MC 2 is already stopping him before he finishes his sentence.
MC 2
(anticipating offer)
No, that’s quite all right, Chesterfield. The
drink will be fine.
MC 1 ENTERS. He doesn’t look too happy.
MC1
(greeting)
Hello, Chesterfield. Michael.
MC2
Michael. How did your date go?
MC1
It didn’t work out.
MC2
With Janie? She seemed so nice.
CHESTERFIELD
And quite beautiful, I may say, sir.
MC1
I dunno. Perhaps it’s me. I remember
when I played Captain Nemo in the
1997 television movie of 20,000 Leagues
Under the Sea.
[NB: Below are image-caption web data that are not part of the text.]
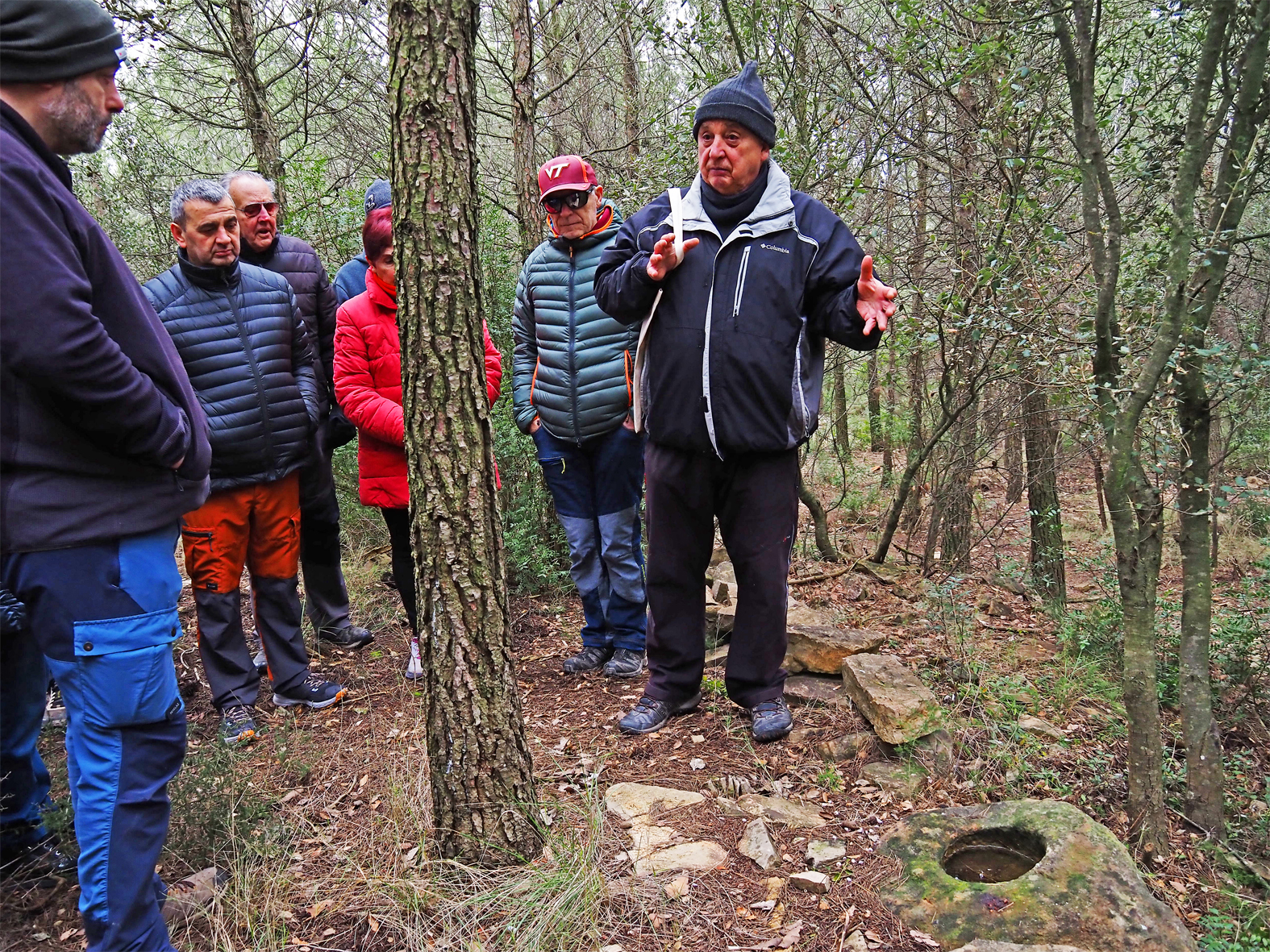 Imatge de la visita patrimonial a Cererols, dins de la Festa de Sant Sebasti&agrave;, amb el guiatge del regidor de Cultura, Albert F&agrave;brega.
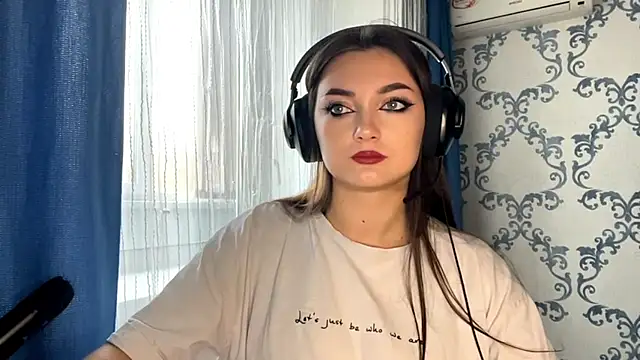 Snapshot of TwotyBright chatting on November 2025 08:02:02 AM TwotyBright online show from November 2025 08:02:02 AM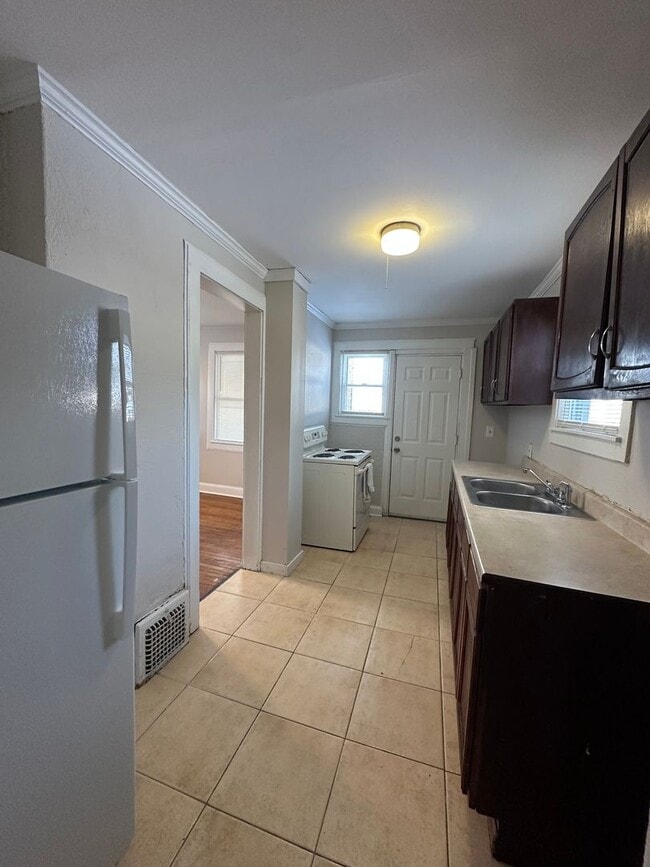 Building Photo - 2 bedroom home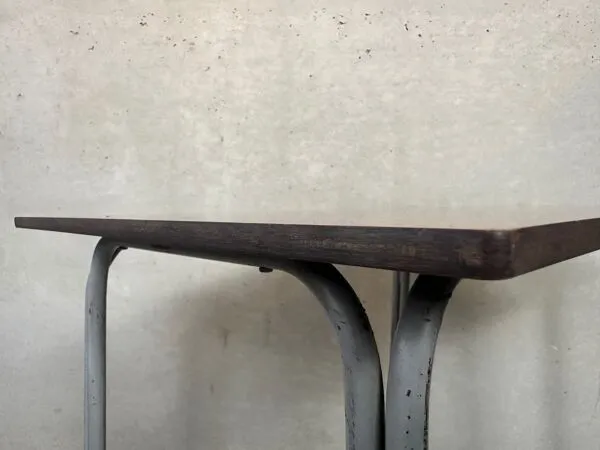 Illustration numéro 4 du produit Table d'école industrielles vintage – acier et composite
I didn’t get the girl then
either.
MC2
Well, of course not! Nemo gets eaten
by the squid you tit! I remember when
I played Nigel Powers in Goldmember.
I used confidence to get the birds.
Confidence, Michael. It’s what you
need.
MC1
(sighs) Perhaps, you’re right Michael.
Chesterfield, could you mix me a Khalua
and Cream please?
CHESTERFIELD
I’m afraid we’re out of cream, sir.
MC1
(immediately leaving)
Fine, I’ll get it.
CHESTERFIELD
Uh, sir. I think it would be more appropriate
if I got the cream, sir. I am the butler.
MC1
That’s quite all right, you just do your job.
CHESTERFIELD
(calling after him)
But, sir, that is my job.
MC1 EXITS.
EXT. MARKET-DAY
MC1 comes out of the market with cream. He runs into JUDY.
JUDY
Oh, my God! Michael?!
MC1 turns. Judy is beautiful and he is struck by her beauty. It’s clear he likes her, but doesn’t really know her.
MC1
(not recognizing her)
Uh, yes. I’m Michael.
JUDY
It’s me! Judy, from 11th grade? God, you
haven’t changed a bit!
MC1
I’m sorry, I don’t—
SFX: Honk-honk!
JUDY
Oh, Michael, I’m sorry, my friend’s waiting
for me. Listen, we must get together. Here’s
my card. Call me?
MC1
Of course, but I’m not the Michael you—
JUDY
(rushing off)
Talk to you soon! Bye!
TRANSITION TO:
INT. MC BROS APARTMENT-DAY
MC1 finishes relaying the story.
MC1
And then she just got in her car and
left.
MC2
Judy from 11th grade! I don’t believe it!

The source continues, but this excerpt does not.